La semana pasada, por obra y gracia de la periodista de El Punt Avui, Maria Palau, sabíamos que el filósofo Arnau Puig —único superviviente del movimiento Dau al Set, con noventa y tres primaveras a sus espaldas— había decidido conceder la gestión de su importantísimo archivo personal a la revista Bonart. La noticia, que una publicación privada gestione el inmenso legado libresco de un pensador, no superaría la anécdota si, en la entrevista correspondiente a la revelación, Puig no dijera que había ofrecido la tutela del archivo al Arxiu Nacional, al MNAC y al MACBA sin esperar ni un solo euro de compensación económica; es decir, que hasta tres instituciones del país han menospreciado la herencia escrita, epistolar y gráfica de uno de los intelectuales más importantes de esta nuestra tribu tan desagradecida con la gente que se lo curra.  

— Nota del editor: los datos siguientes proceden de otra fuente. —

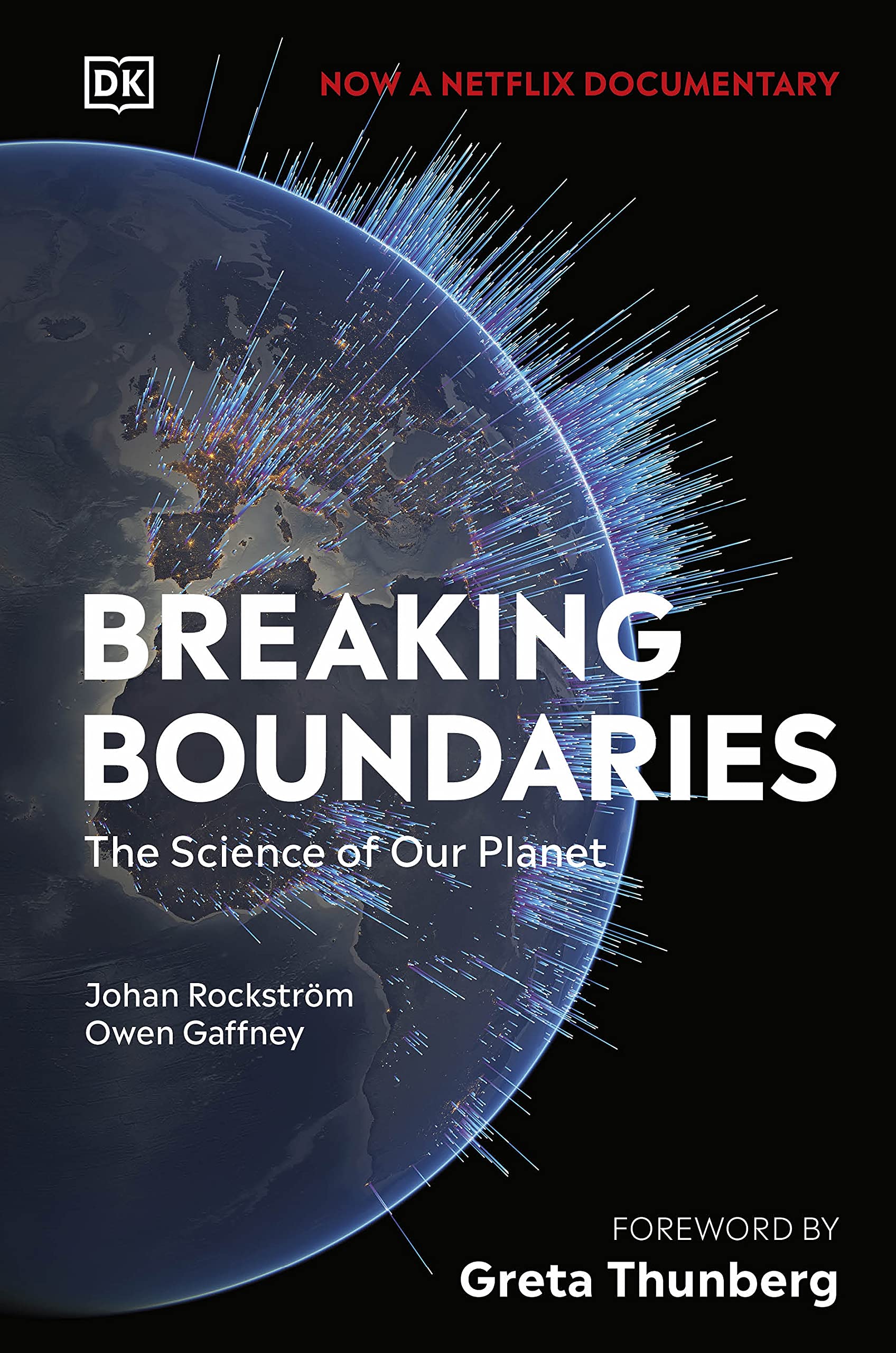 Product Image: Breaking Boundaries: The Science of Our Planet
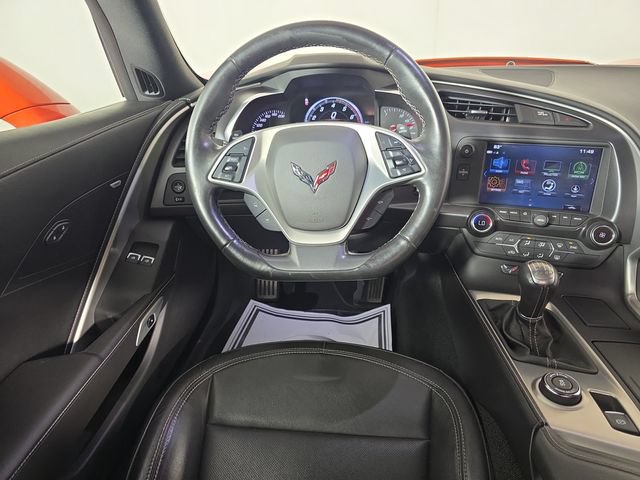 Used 2019 Chevrolet Corvette Stingray Coupe w/ 1LT RWD image 18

El amigo Arnau ha tenido suerte porque, de no haber gestionado personalmente la cesión del archivo en vida, le podría haber pasado como al pintor Ràfols-Casamada o a la escritora Patrícia Gabancho, que desde el más allá debieron ver entre lágrimas como su biblioteca acababa esparcida por los mercadillos y rastros de Barcelona. En este país cabe recordar cosas muy básicas, como que un archivo personal o una biblioteca no es tan importante por las singularidades que tenga (en el caso de Arnau, su colección no incluye obra gráfica de sus amigos Ponç o Tàpies) sino por el goteo de pistas que nos ofrece sobre su caminar intelectual: las obras leídas, los espacios subrayados y, en definitiva, la prueba física de cómo se va trazando un itinerario filosófico. Que los libros y los catálogos en cuestión puedan encontrarse en otros sitios es un tema menor: lo importante, en este caso, es el camino que trazan en tanto que unidad.

Chotearse del pensamiento crítico con esta falta de tacto, creedme, al final tiene consecuencias dramáticas

Al hecho ya suficientemente siniestro de este desinterés por parte de las administraciones se suma el menosprecio que las entidades culturales de la tribu siempre han tenido por la casta del pensar. Lo demuestran hecho como que Òmnium todavía no haya dedicado ni un solo Premi d’Honor a un pensador del país (en el caso de nombres como el traspasado Lluís Duch o los todavía vivísimos Xavier Rubert de Ventós, Pere Lluís Font o el propio Arnau Puig la cosa es de escándalo) o que archivos como los de nuestro Francesc Pujols se empiecen ahora a estudiar científicamente, como así merece el genio de Martorell. Todo esto que os cuento, en un país más pendiente de si Albert Rivera se queda sin amigos y en que el debate cultural se dirime entre si a uno le gusta más la coca de llardons o con crema, deben parecer cosas menores. Pero chotearse del pensamiento crítico con esta falta de tacto, creedme, al final tiene consecuencias dramáticas.

Arnau Puig siempre ha demostrado una enorme generosidad por el país y hacia los pensadores que nos hemos acercado a él para robarle un poco de sabiduría. Parecía que esto de tener un presidente diletante-humanista y una consellera catedrática nos había de regalar alguna que otra buena noticia en el ámbito cultural, pero cosas como estas te demuestran que, simplemente, en este país todo el mundo se pone la cultura en la boca pero nadie mueve el culo para salvarla. ¿De verdad no hay una sola biblioteca pública, escuela o museo que pueda acoger este legado tan importante? Bien, lo peor de todo es que a estas patrañas uno ya se acostumbra sin entristecerse, porque te acabas acostumbrando a todo. Perdónalos, Arnau, porque saben perfectamente lo que hacen. Y no te cabrees mucho, maestro, que te necesitamos muchos siglos más.